→ **Prompt**: Please return the full listing word for word, leaving out any pictures.

→ **Supplied records**:
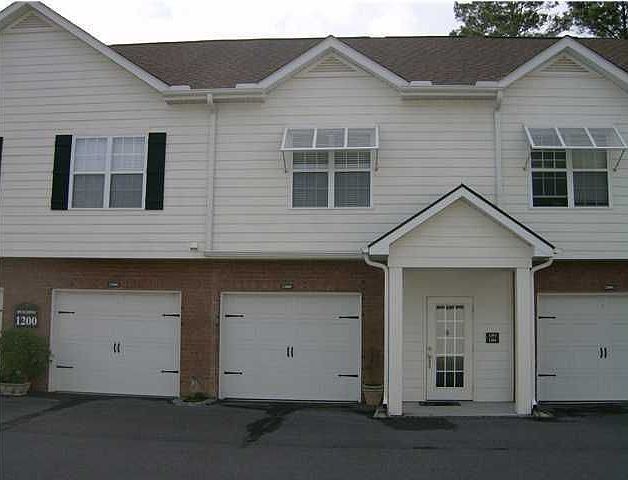 1st image of 1203 Basildon Rd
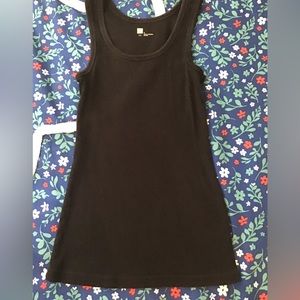 Women’s size small gap black ribbed tank top cc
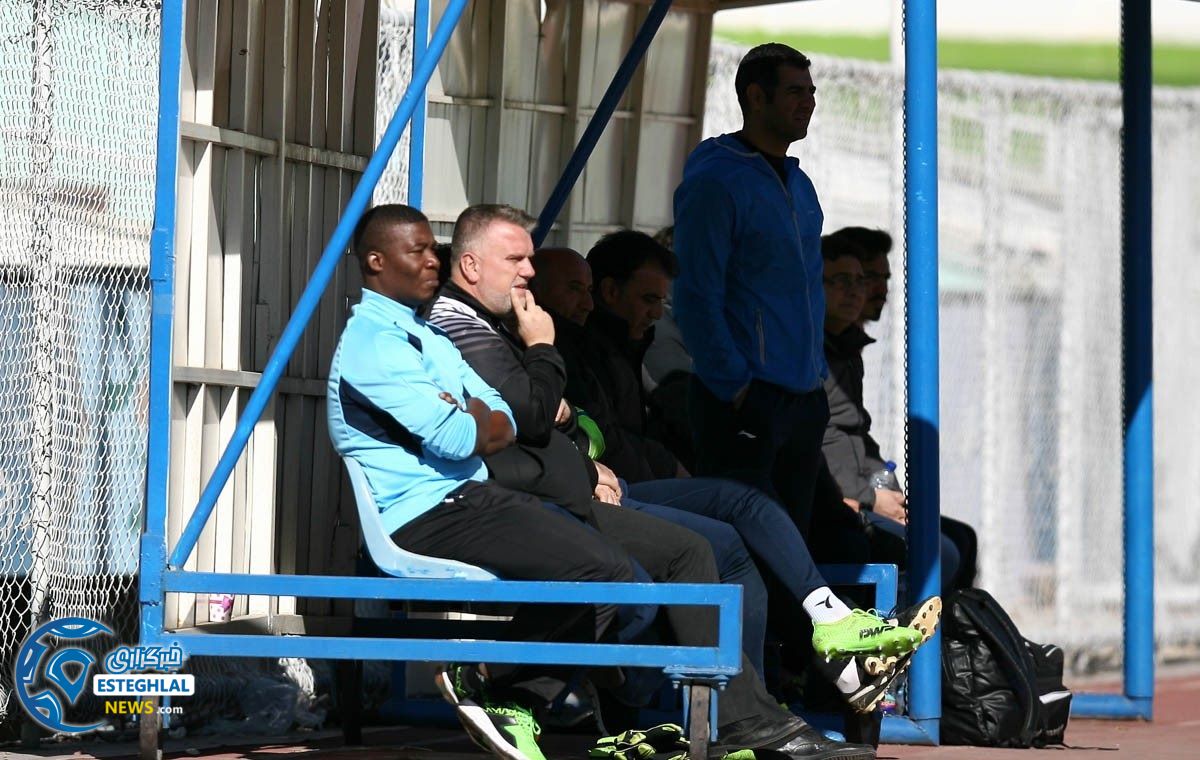 استقلال و جوانان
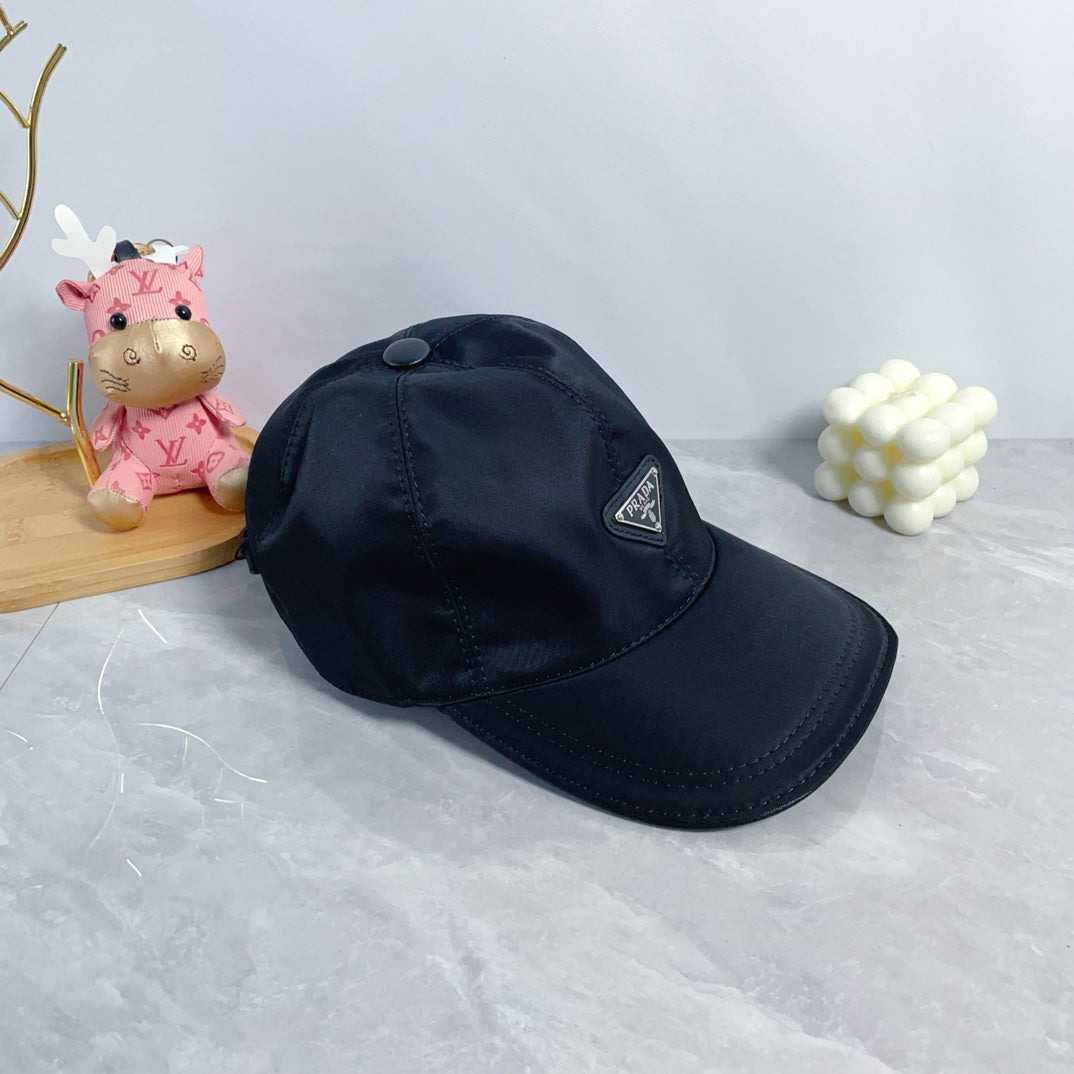 New Fashionable Premium P Home European Edition Men's and Women's Baseball Hats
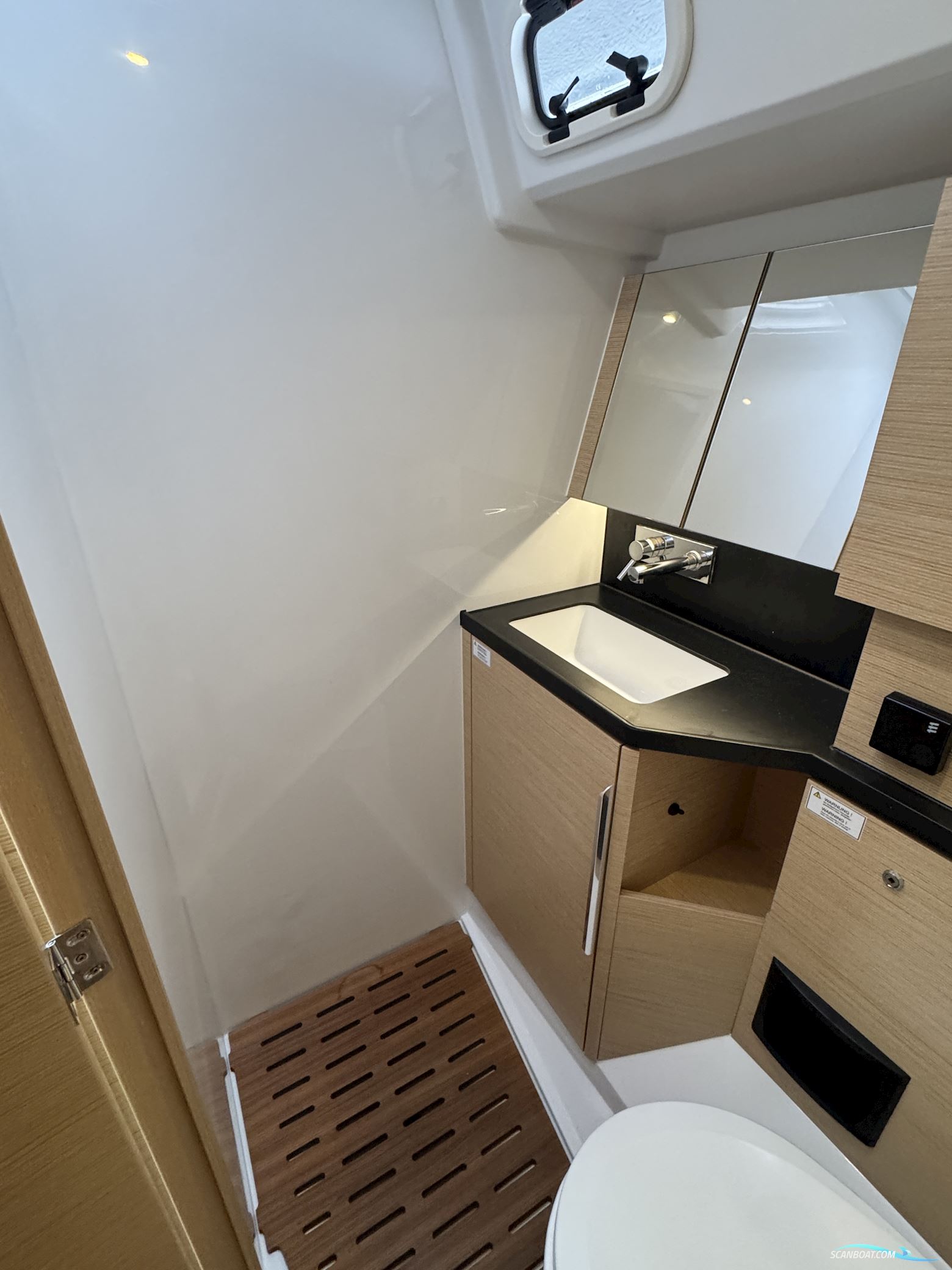 Hanse 460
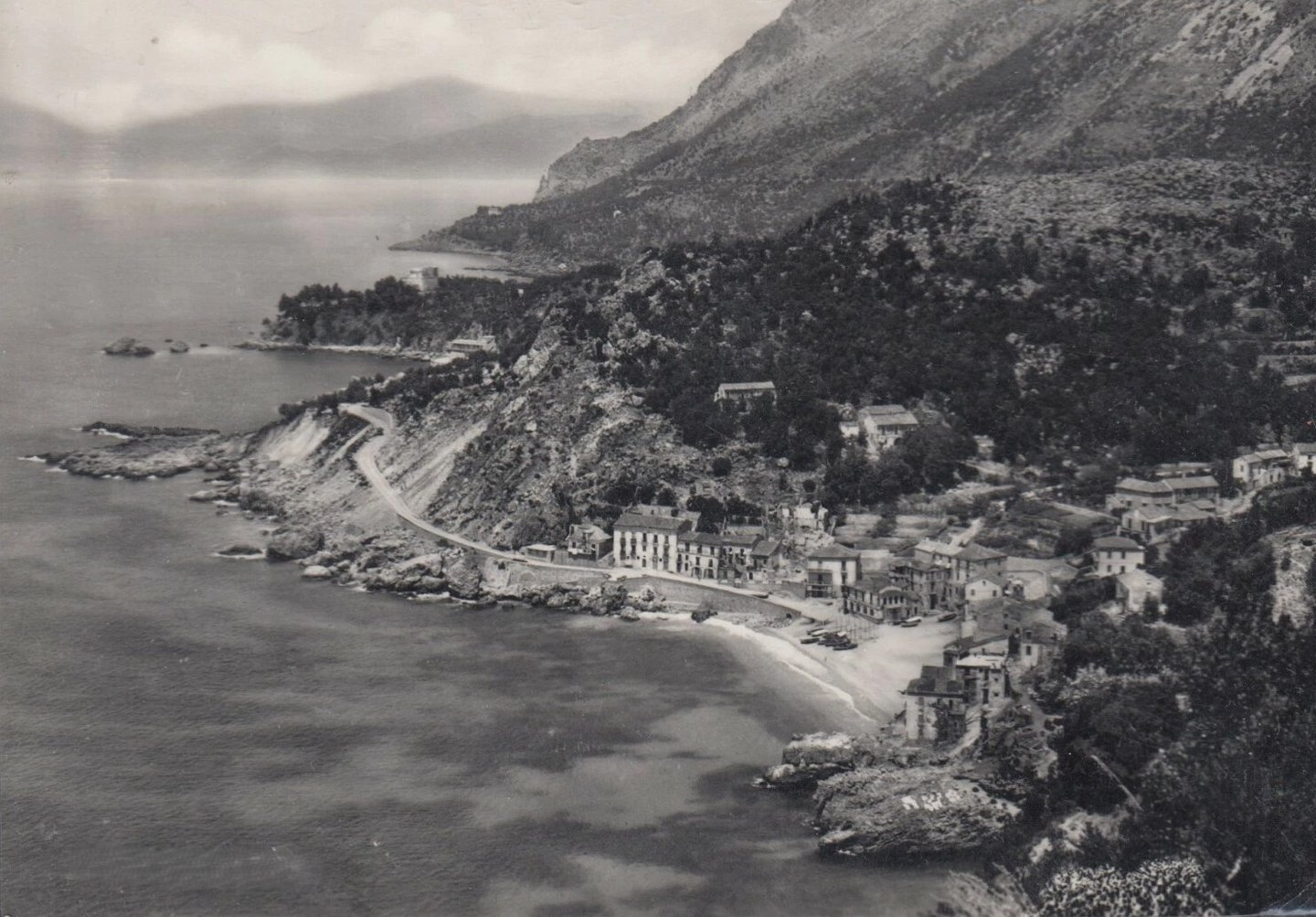 Veduta d'epoca in bianco e nero del villaggio costiero prima della costruzione del porto di maratea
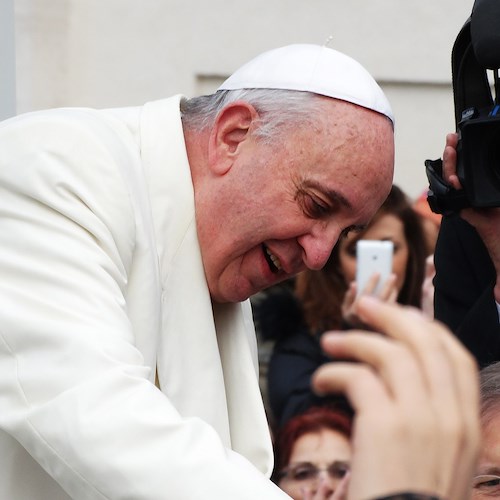Papa Francesco: "Non è veramente Natale senza i poveri, rinasca la carità"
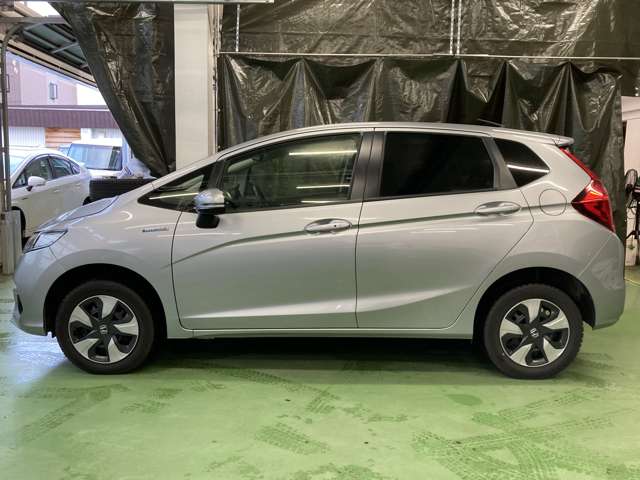 ホンダ フィット　ハイブリッド １．５ ハイブリッド Ｆ ４ＷＤ H30年 (北海道) 99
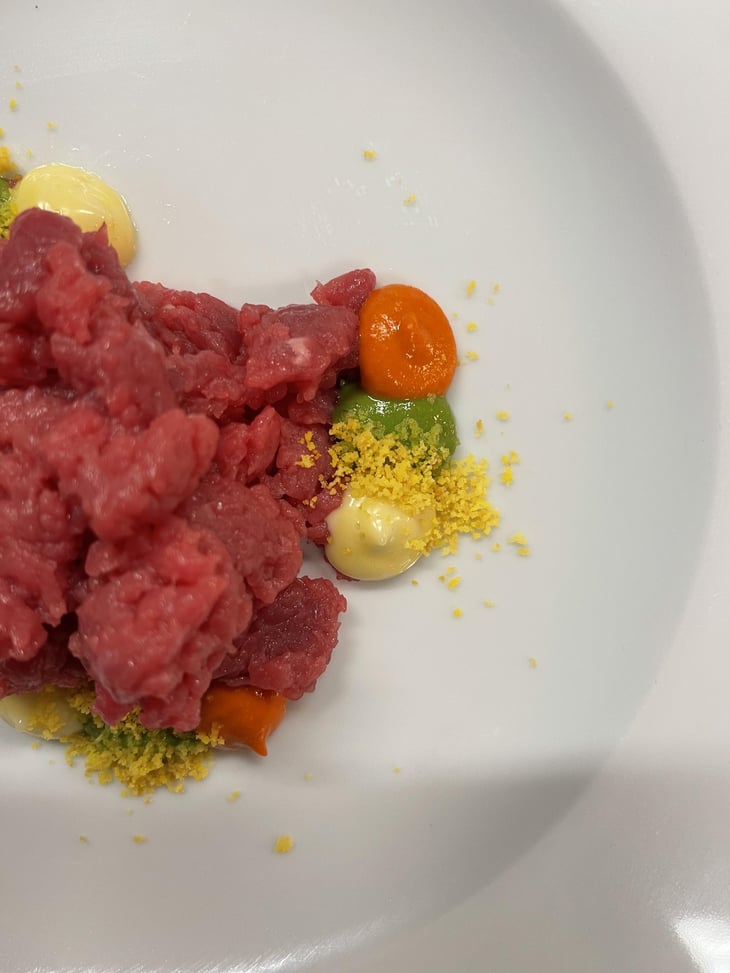 Battuta Di Fassona Con Maionese Senapata,Bagnetto Rosso E Salsa Verde - Locanda MaNì - 768387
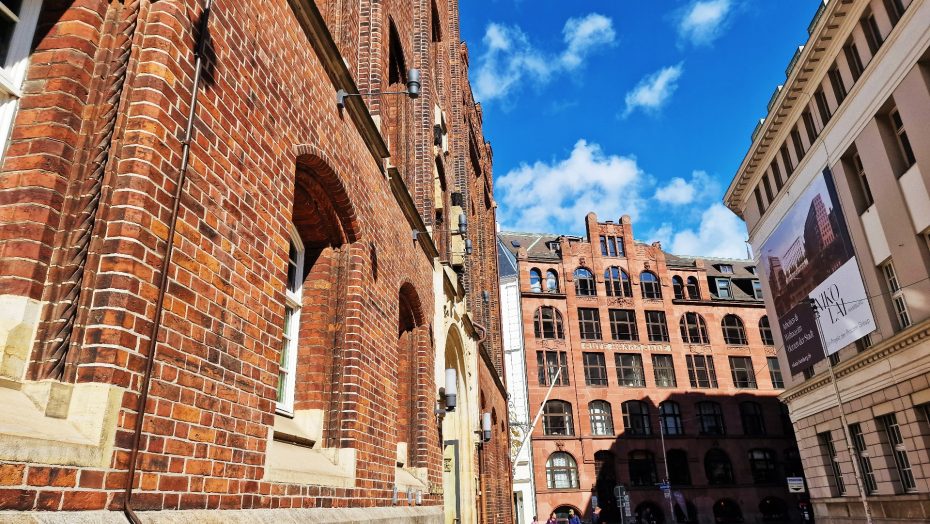 Altstadt Hamburg is the best area to experience the fascinating history of this German city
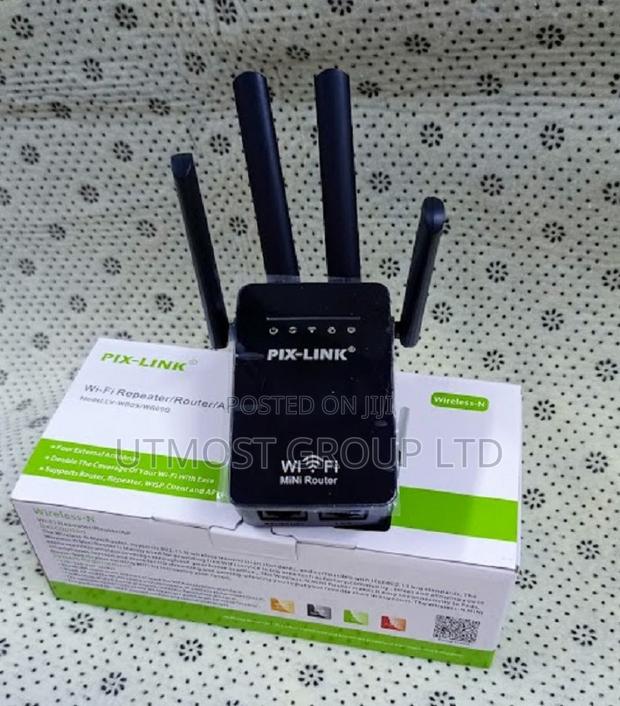 300mbps Wireless Wifi Repeater Wifi Extender Router Plug White - main view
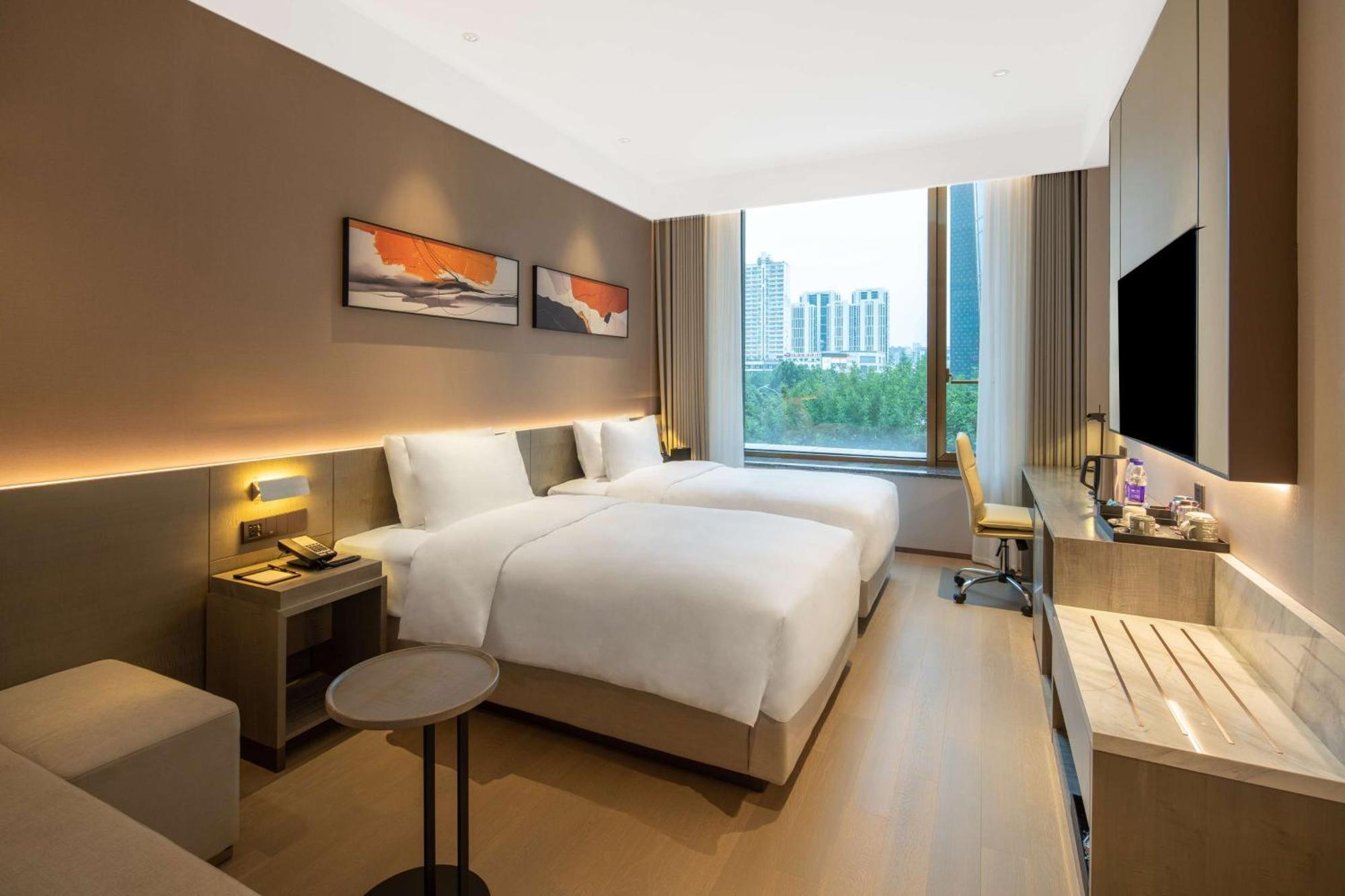 Hyatt Place Linyi People Square Extérieur photo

→ **Exercise solution**:
 1st image of 1203 Basildon Rd
 Women’s size small gap black ribbed tank top cc
 استقلال و جوانان
 New Fashionable Premium P Home European Edition Men's and Women's Baseball Hats
 Hanse 460
 Veduta d'epoca in bianco e nero del villaggio costiero prima della costruzione del porto di maratea
Papa Francesco: "Non è veramente Natale senza i poveri, rinasca la carità"
 ホンダ フィット　ハイブリッド １．５ ハイブリッド Ｆ ４ＷＤ H30年 (北海道) 99
 Battuta Di Fassona Con Maionese Senapata,Bagnetto Rosso E Salsa Verde - Locanda MaNì - 768387
 Altstadt Hamburg is the best area to experience the fascinating history of this German city
 300mbps Wireless Wifi Repeater Wifi Extender Router Plug White - main view
 Hyatt Place Linyi People Square Extérieur photo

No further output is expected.